Saving Gradient and Negative Curvature Computations: Finding Local Minima More Efficiently

TL;DR

This paper introduces a family of nonconvex optimization algorithms that efficiently find local minima by reducing gradient and negative curvature computations, improving runtime over existing methods.

Contribution

The algorithms divide the domain into large and small gradient regions, performing targeted descent steps, and can escape small gradient regions with minimal negative curvature computations.

Findings

Can escape small gradient regions in one negative curvature step

Potentially outperform state-of-the-art local minima algorithms

Effective in both deterministic and stochastic settings

Abstract

We propose a family of nonconvex optimization algorithms that are able to save gradient and negative curvature computations to a large extent, and are guaranteed to find an approximate local minimum with improved runtime complexity.
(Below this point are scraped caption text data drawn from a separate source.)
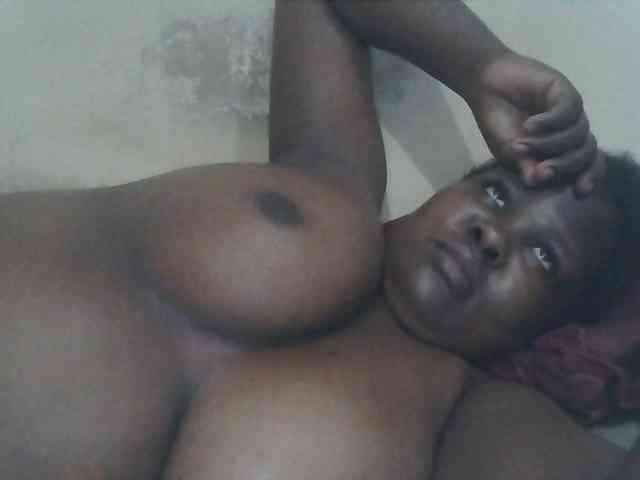 Sexymummy webcam
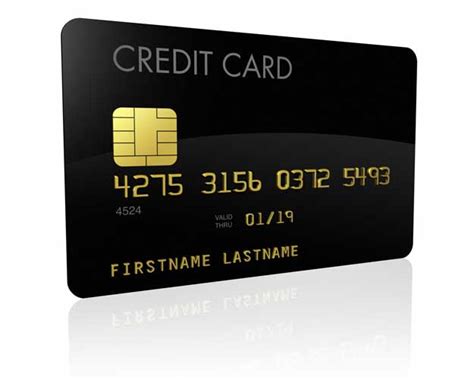 The fair credit billing act makes it so consumers are only liable for. Credit Card Fraud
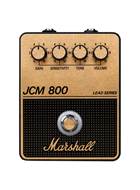 Marshall JCM800 Pedal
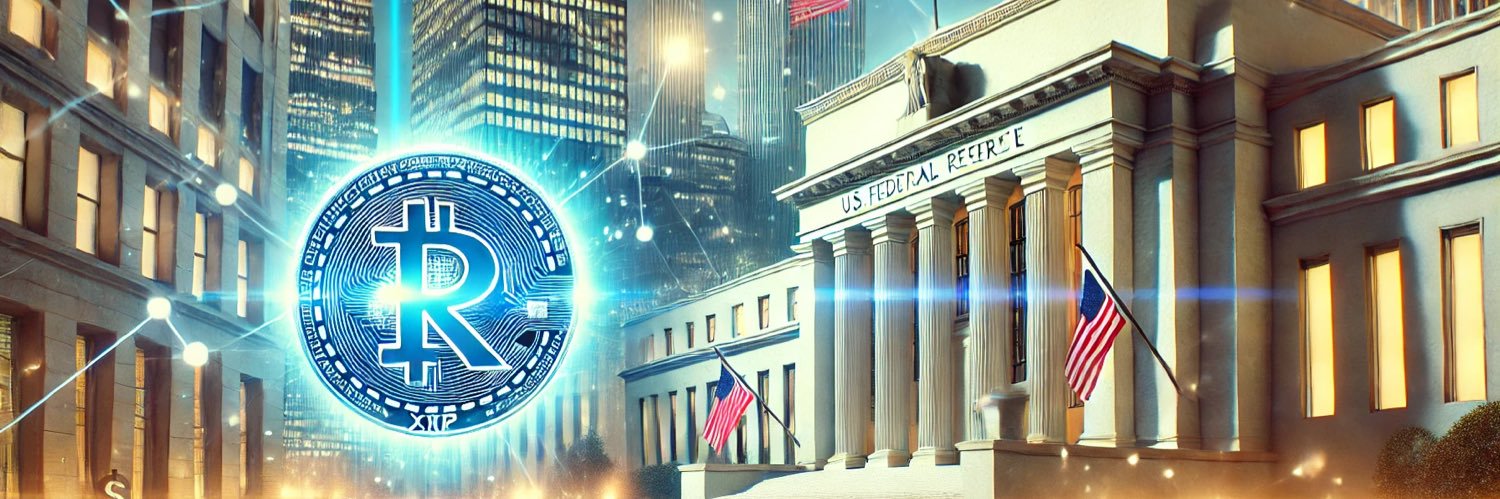 DJ_DEL's profile banner image
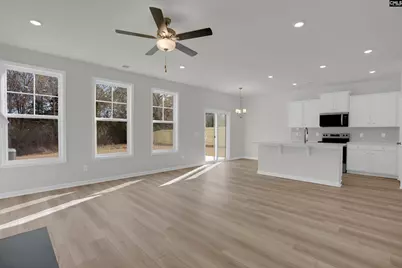 652 Old Charleston Road, Pelion, SC 29123 - Photo 5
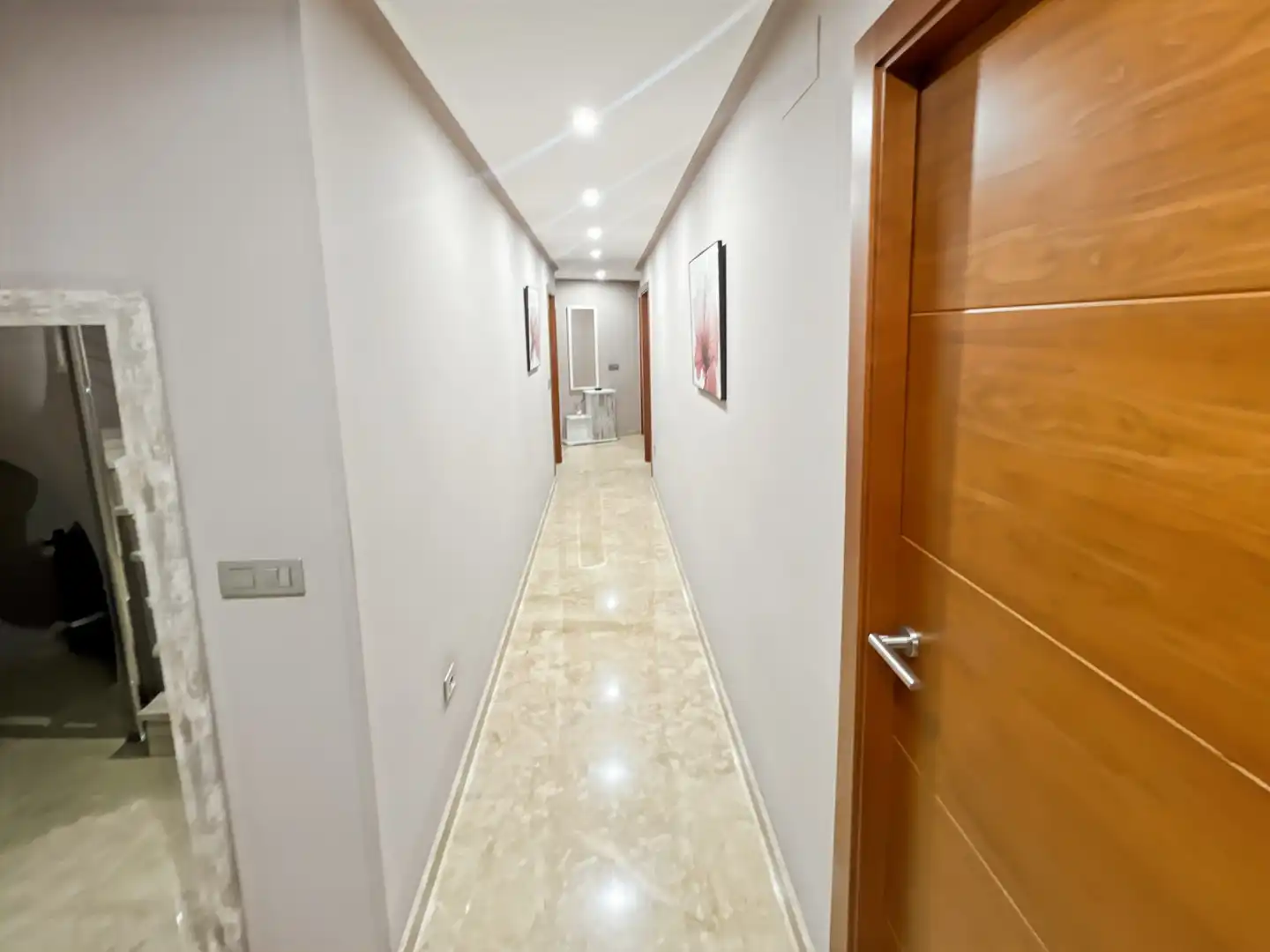 Duplexes for sale in Centro  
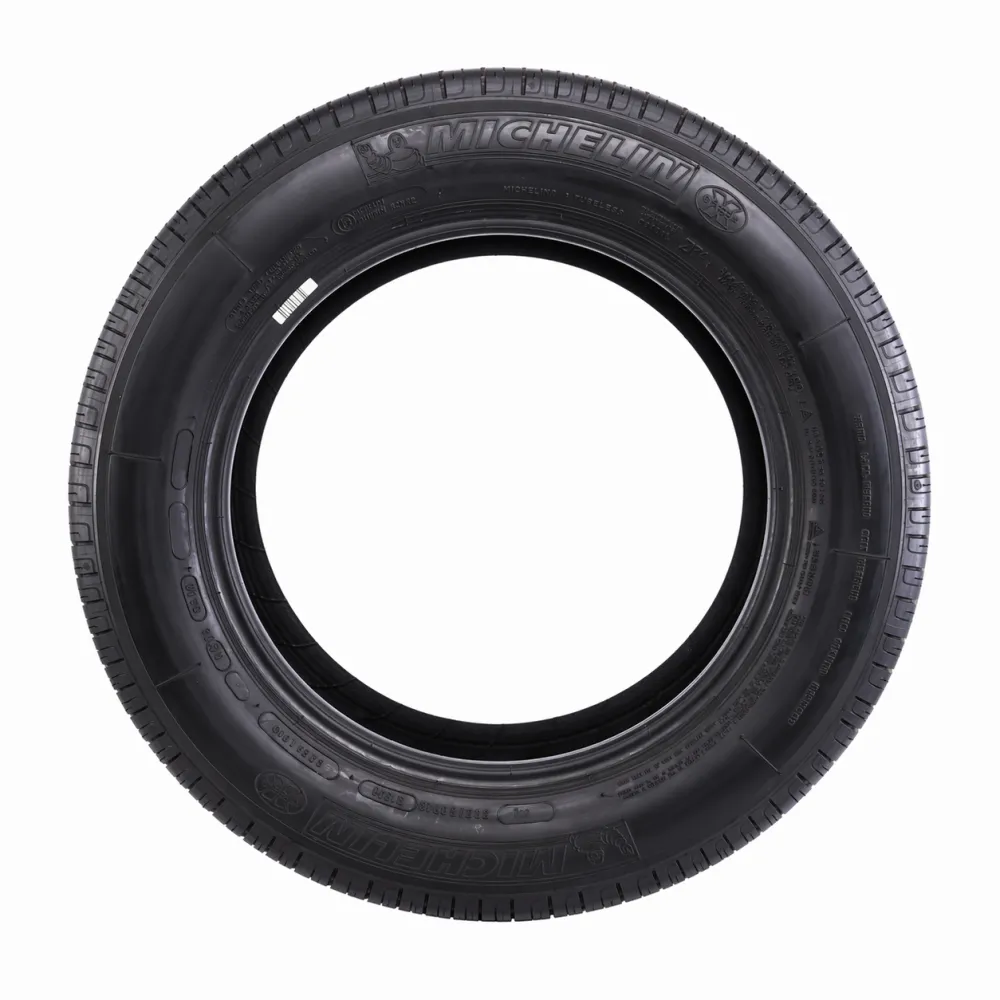 Michelin Energy Saver + - zdjęcie dodatkowe nr 4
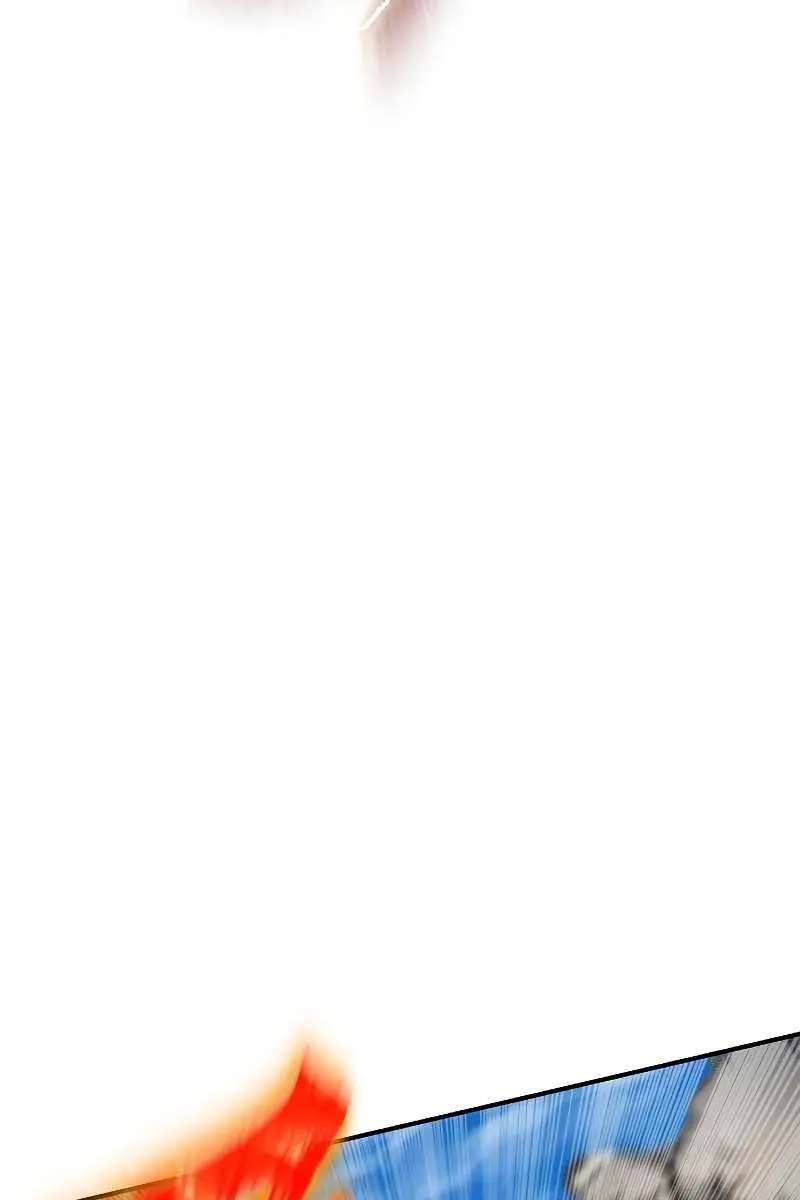 The Priest of Corruption Chapter 5 Page 70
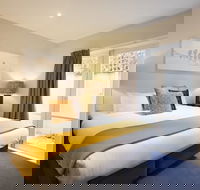 BOUTIQUE STAYS - Roxys Place - Accommodation Port Macquarie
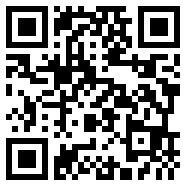 read熊安卓下载真人版安卓破解视频版Web2.0版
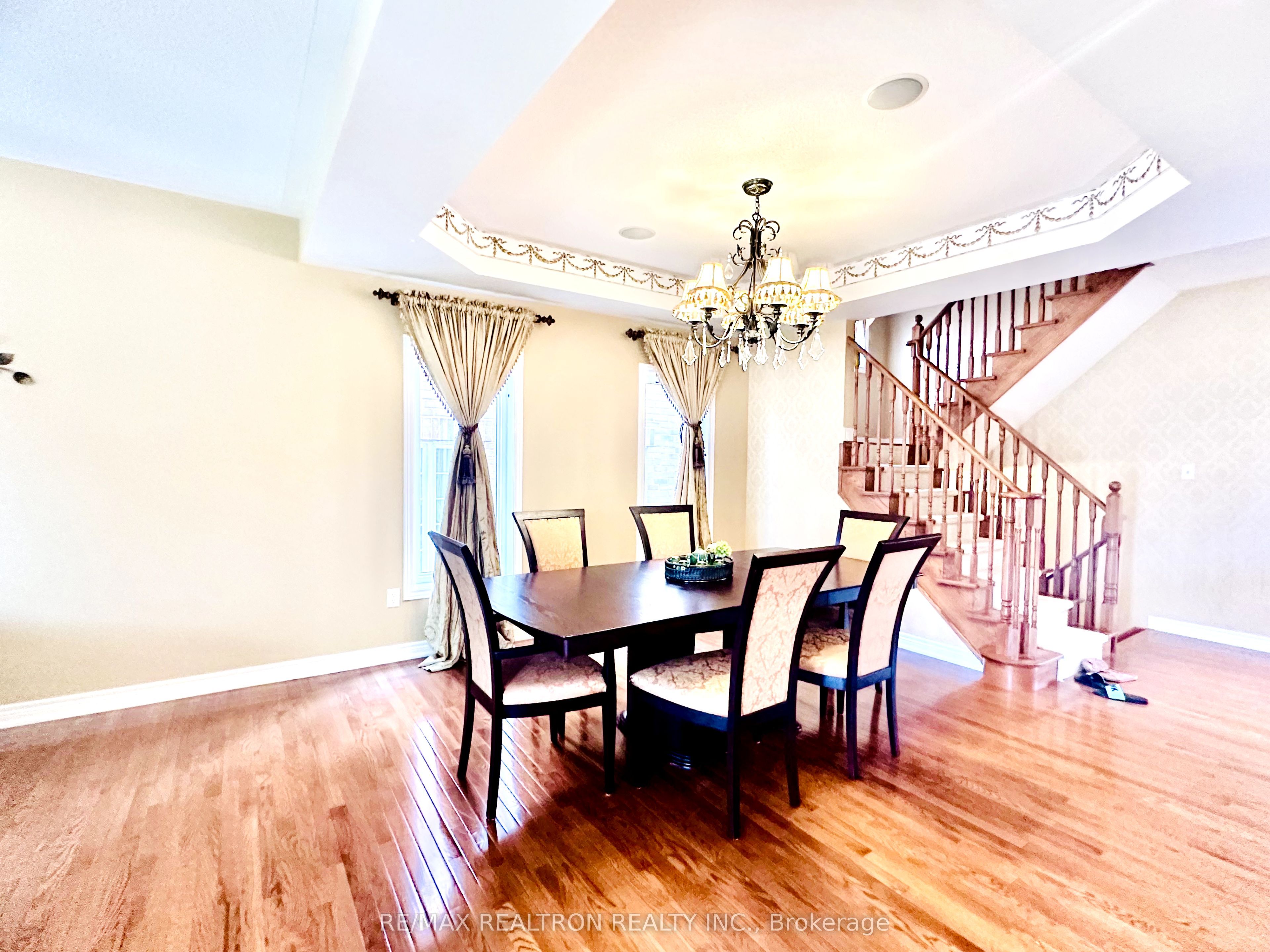 373 Tower Hill Road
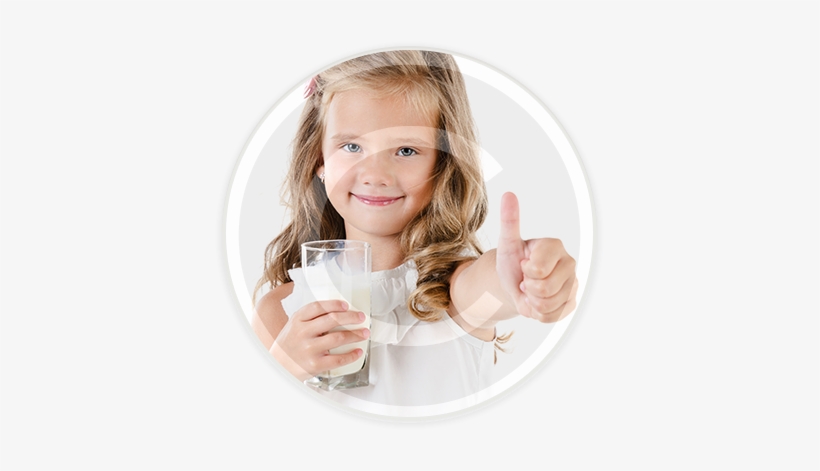 Girl, transparent png download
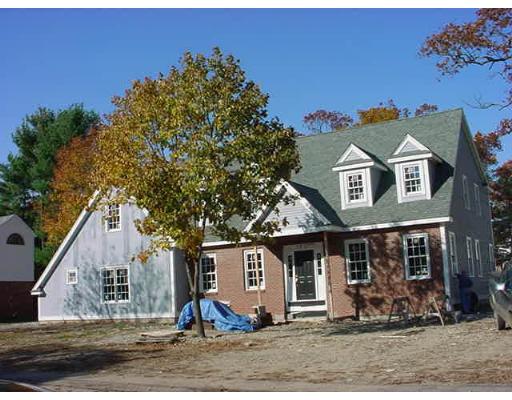 77 Grosvenor, Needham, MA 02492 photo 1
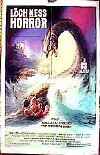 The Loch Ness Horror (1982)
At the core of our algorithms is the division of the entire domain of the objective function into small and large gradient regions: our algorithms only perform gradient descent based procedure in the large gradient region, and only perform negative curvature descent in the small gradient region. Our novel analysis shows that the proposed algorithms can escape the small gradient region in only one negative curvature descent step whenever they enter it, and thus they only need to perform at most $N_{\epsilon}$ negative curvature direction computations, where $N_{\epsilon}$ is the number of times the algorithms enter small gradient regions. For both deterministic and stochastic settings, we show that the proposed algorithms can potentially beat the state-of-the-art local minima finding algorithms. For the finite-sum setting, our algorithm can also outperform the best algorithm in a certain regime.